Truly Tabular RDF/GND
Jump to navigation
Jump to search
GND property multiplicity
The following table shows the cardinality/multiplicity of properties per conference record. E.g. there are up to four different acronyms for a conference.
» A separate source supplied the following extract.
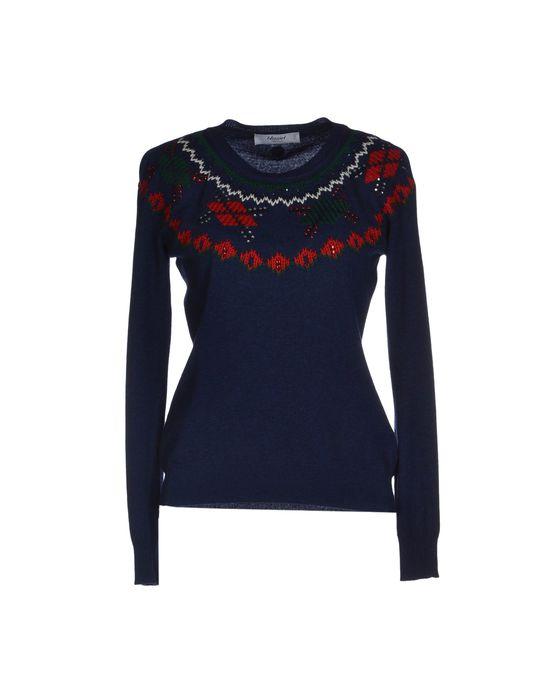 Свитер BLUGIRL BLUMARINE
property | gnd | total | unique | min | max | avg |
---|---|---|---|---|---|---|
eventId | gnd:gndIdentifier | 731651 | 731651 | 1 | 1 | 1 |
title | gnd:preferredNameForTheConferenceOrEvent | 731645 | 731645 | 0 | 1 | 0.999991799 |
acronym | gnd:abbreviatedNameForTheConferenceOrEvent | 3537 | 3206 | 0 | 4 | 0.00483 |
sameAs | owl:sameAs | 769120 | 693077 | 0 | 20 | 1.05 |
variant | gnd:variantNameForTheConferenceOrEvent | 632368 | 229268 | 0 | 41 | 0.86 |
date | gnd:dateOfConferenceOrEvent | 710819 | 704949 | 0 | 9 | 0.971 |
areaCode | gnd:geographicAreaCode | 797037 | 612631 | 0 | 11 | 1.089 |
place | gnd:placeOfConferenceOrEvent | 659305 | 624667 | 0 | 18 | 0.901 |
topic | gnd:topic | 5061 | 3520 | 0 | 6 | 0.00691 |
homepage | gnd:homepage | 19011 | 18702 | 0 | 3 | 0.026 |
prec | gnd:homepage | 12182 | 12106 | 0 | 3 | 0.0166 |
succ | gnd:homepage | 11974 | 11929 | 0 | 3 | 0.0163 |
query to analyze multiplicity
# get aggregate counts of property usage
# this query needs to be modified property by property and run twice
# once without the having clause and once with the having clause
# to create the table further down in this wikipage
# WF 2021-12-05
PREFIX gndi: <https://d-nb.info/gnd>
PREFIX gnd: <https://d-nb.info/standards/elementset/gnd#>
PREFIX gndo: <https://d-nb.info/standards/vocab/gnd/>
PREFIX rdf: <http://www.w3.org/1999/02/22-rdf-syntax-ns#>
PREFIX owl: <http://www.w3.org/2002/07/owl#>
PREFIX dc: <http://purl.org/dc/terms/>
PREFIX wdrs: <http://www.w3.org/2007/05/powder-s#>
SELECT (sum (?itemCount) as ?sum) (min (?itemCount) as ?min) (max (?itemCount) as ?max) (avg (?itemCount) as ?avg) {
SELECT ?event ?eventId (count(?title) as ?itemCount)
WHERE {
?event a gnd:ConferenceOrEvent.
?event gnd:gndIdentifier ?eventId.
OPTIONAL {
# ?event gnd:abbreviatedNameForTheConferenceOrEvent ?acronym.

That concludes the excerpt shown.